■ **TASK GOAL**
Search the records for the string "wearing" and copy every line where it turns up.

Short text fragments from websites:
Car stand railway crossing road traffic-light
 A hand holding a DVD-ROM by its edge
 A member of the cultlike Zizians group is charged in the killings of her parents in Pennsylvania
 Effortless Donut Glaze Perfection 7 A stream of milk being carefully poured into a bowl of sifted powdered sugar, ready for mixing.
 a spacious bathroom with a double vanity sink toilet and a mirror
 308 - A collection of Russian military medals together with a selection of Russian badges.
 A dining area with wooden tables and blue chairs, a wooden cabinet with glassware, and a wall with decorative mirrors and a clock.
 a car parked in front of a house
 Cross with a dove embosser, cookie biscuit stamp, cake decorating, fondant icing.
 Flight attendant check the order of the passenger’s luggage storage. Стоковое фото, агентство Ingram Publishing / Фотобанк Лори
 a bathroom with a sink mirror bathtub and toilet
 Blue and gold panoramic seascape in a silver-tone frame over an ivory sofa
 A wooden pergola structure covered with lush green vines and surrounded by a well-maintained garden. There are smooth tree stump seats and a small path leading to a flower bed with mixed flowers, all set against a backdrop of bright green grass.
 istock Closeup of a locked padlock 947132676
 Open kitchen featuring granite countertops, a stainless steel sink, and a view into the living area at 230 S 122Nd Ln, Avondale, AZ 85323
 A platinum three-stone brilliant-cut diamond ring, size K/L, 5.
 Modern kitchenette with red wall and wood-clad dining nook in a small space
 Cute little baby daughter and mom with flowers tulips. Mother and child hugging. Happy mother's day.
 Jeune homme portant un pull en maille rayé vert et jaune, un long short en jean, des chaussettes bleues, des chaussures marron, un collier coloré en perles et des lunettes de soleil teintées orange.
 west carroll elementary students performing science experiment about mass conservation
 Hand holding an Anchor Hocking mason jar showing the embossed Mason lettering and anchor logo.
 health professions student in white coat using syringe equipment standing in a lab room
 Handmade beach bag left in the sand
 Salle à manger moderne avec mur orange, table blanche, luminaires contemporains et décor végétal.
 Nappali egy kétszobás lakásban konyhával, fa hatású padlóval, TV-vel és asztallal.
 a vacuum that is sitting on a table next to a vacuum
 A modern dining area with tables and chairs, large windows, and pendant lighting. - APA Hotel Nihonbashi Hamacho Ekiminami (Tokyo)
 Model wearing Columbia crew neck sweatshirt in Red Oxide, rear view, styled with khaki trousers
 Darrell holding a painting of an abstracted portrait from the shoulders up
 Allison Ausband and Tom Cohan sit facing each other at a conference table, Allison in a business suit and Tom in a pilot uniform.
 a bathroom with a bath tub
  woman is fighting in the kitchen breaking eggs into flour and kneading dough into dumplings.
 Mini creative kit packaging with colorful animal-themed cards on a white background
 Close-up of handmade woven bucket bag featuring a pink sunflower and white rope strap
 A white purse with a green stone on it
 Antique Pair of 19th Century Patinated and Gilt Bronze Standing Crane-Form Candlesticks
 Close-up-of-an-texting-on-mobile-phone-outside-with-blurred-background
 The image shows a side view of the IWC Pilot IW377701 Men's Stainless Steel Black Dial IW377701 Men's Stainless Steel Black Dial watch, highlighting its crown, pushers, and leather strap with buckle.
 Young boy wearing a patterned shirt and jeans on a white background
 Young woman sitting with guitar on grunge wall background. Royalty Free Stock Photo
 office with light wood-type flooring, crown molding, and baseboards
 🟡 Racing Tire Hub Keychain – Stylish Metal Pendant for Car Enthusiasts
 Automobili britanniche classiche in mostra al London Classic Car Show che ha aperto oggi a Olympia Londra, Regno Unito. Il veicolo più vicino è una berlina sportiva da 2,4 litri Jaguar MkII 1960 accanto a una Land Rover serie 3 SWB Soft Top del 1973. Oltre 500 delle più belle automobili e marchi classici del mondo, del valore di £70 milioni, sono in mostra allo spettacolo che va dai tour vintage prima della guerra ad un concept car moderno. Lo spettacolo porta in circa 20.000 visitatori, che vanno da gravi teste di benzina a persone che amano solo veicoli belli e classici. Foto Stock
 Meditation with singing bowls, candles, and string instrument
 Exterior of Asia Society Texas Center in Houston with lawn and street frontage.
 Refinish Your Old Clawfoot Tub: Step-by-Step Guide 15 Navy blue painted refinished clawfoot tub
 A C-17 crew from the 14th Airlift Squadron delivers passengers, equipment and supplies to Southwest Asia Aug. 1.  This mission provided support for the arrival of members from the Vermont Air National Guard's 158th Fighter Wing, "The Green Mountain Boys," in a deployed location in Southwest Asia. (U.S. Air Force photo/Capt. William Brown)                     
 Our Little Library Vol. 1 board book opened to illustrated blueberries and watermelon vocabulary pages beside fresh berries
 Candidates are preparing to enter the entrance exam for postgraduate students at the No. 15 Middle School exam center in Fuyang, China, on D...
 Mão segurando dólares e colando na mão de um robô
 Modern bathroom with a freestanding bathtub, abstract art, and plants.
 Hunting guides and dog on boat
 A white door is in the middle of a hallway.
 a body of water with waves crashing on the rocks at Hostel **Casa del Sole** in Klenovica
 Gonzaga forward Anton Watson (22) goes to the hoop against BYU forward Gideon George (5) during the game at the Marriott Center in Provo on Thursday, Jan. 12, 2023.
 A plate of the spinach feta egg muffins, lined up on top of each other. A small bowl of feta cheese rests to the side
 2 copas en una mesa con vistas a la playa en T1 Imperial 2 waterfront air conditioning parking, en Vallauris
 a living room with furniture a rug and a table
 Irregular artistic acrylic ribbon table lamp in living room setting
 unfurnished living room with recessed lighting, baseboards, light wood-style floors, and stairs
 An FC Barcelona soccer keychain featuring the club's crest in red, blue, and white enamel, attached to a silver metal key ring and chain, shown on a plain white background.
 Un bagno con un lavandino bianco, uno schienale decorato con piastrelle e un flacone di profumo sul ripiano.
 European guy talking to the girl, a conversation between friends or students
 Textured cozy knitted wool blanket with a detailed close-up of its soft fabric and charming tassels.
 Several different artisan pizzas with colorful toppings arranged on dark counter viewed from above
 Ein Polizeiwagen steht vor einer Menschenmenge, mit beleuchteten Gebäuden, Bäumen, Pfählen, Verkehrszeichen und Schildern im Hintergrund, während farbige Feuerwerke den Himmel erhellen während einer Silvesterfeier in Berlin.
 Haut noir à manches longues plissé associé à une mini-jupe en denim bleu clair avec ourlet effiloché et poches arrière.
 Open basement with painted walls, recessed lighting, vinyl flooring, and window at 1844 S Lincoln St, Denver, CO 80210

■ **YOUR SOLUTION**
 Model wearing Columbia crew neck sweatshirt in Red Oxide, rear view, styled with khaki trousers
 Young boy wearing a patterned shirt and jeans on a white background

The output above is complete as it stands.